How to join files on the command line without creating temp files?
I have two files in a Linux / Bash environment:
# Example data
$ cat abc
2 a
1 b
3 c
$ cat bcd
5 c
2 b
1 d
I'm trying to join the two files on the first column. The following does not work because the input files must be sorted on the match field.

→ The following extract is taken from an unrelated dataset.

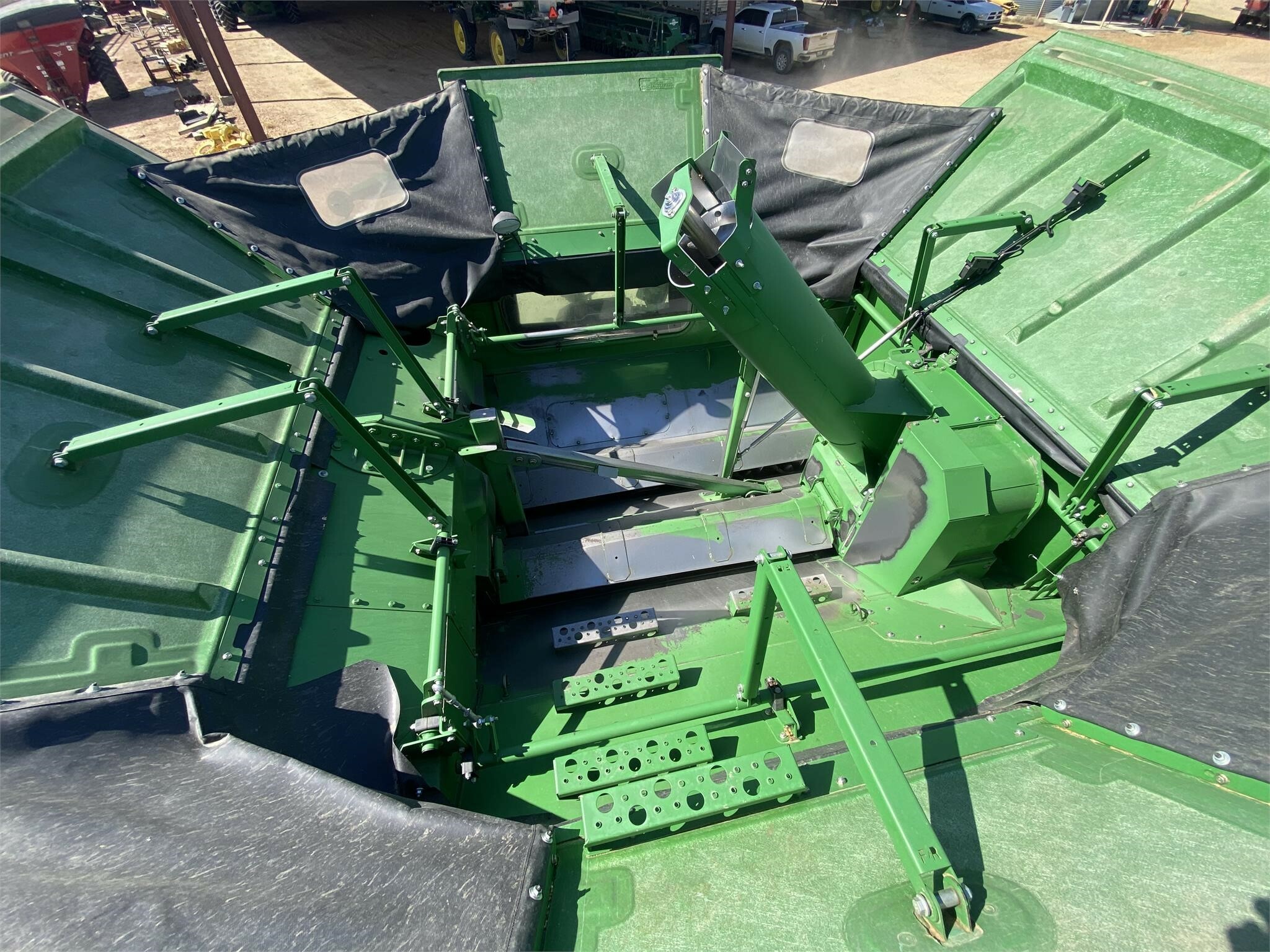 2014 John Deere S690 Combine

# Wrong: join on unsorted input does not work
$ join abc bcd
I can get around this by creating two temp files and joining them
$ sort abc > temp1
$ sort bcd > temp2
$ join temp1 temp2
1 b d
2 a b
But is there a way to do this without creating temp files?
Solution 1:
The following will work in the bash shell:
# Join two files
$ join <(sort abc) <(sort bcd)
1 b d
2 a b
You can join on any column as long as you sort the input files on that column
# Join on the second field
$ join -j2 <(sort -k2 abc) <(sort -k2 bcd)
b 1 2
c 3 5
The -k2 argument to sort means sort on the second column. The -j2 argument to join means join on the second columns. Alternatively join -1 x -2 y file1 file2 will join on the xth column of file1 and the yth column of file2.
Solution 2:
Zsh answer:
join =(sort abc) =(sort bcd)
Solution 3:
This will work in bash shell:
# Join two files
$ sort abc | join - <(sort bcd)
1 b d
2 a b
OR
# Join two files
$ sort bcd | join <(sort abc) -
1 b d
2 a b
Because join can read standard input by using '-'.